• [DATA FOR THIS TASK]:
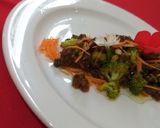 Foto del paso 9 de la receta: Teriyaki de res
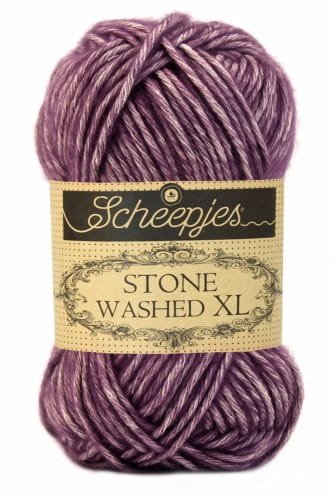 Włóczka Scheepjes Stone Washed XL 851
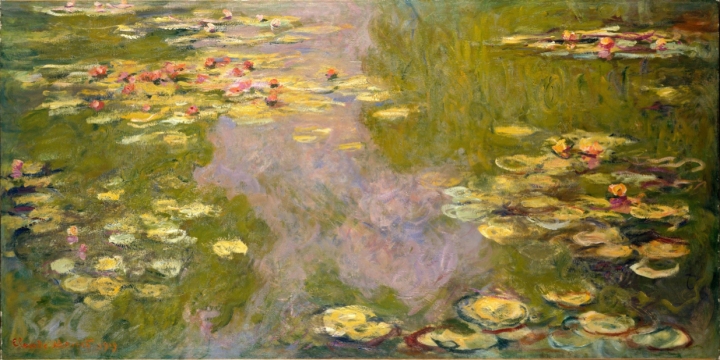 WLA_metmuseum_Water_Lilies_by_Claude_Monet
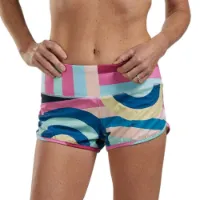 Zoot Ltd Run 3´´ Kurze Hose female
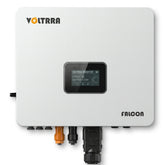 Voltrra Falcon 10kW IP66 Hybrid Solar Inverter | Dual Output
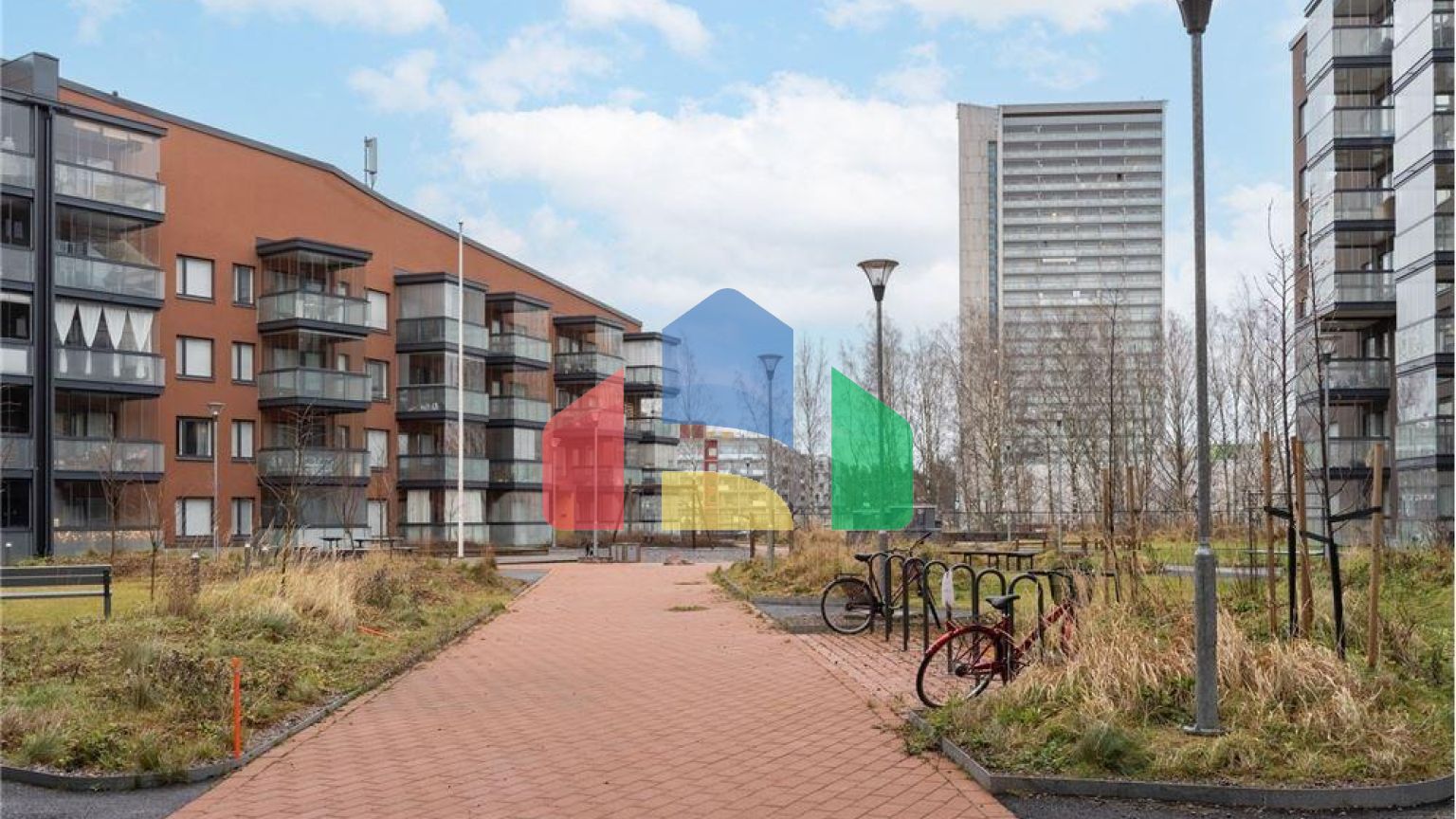 Residential - Condo/Apartment - Espoo, Finland - FI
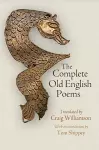 The Complete Old English Poems cover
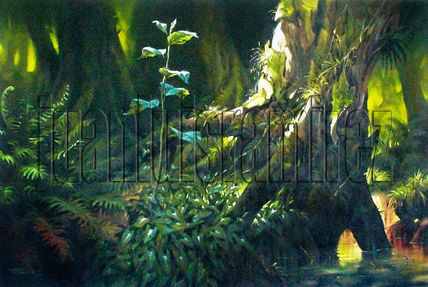 Bosque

• [WHAT THIS TASK INVOLVES]:
Set down every record once more, word for word, without pictures.

• [RESULT OF THIS TASK]:
 Foto del paso 9 de la receta: Teriyaki de res
 Włóczka Scheepjes Stone Washed XL 851
 WLA_metmuseum_Water_Lilies_by_Claude_Monet
 Zoot Ltd Run 3´´ Kurze Hose female
 Voltrra Falcon 10kW IP66 Hybrid Solar Inverter | Dual Output
 Residential - Condo/Apartment - Espoo, Finland - FI
 The Complete Old English Poems cover
 Bosque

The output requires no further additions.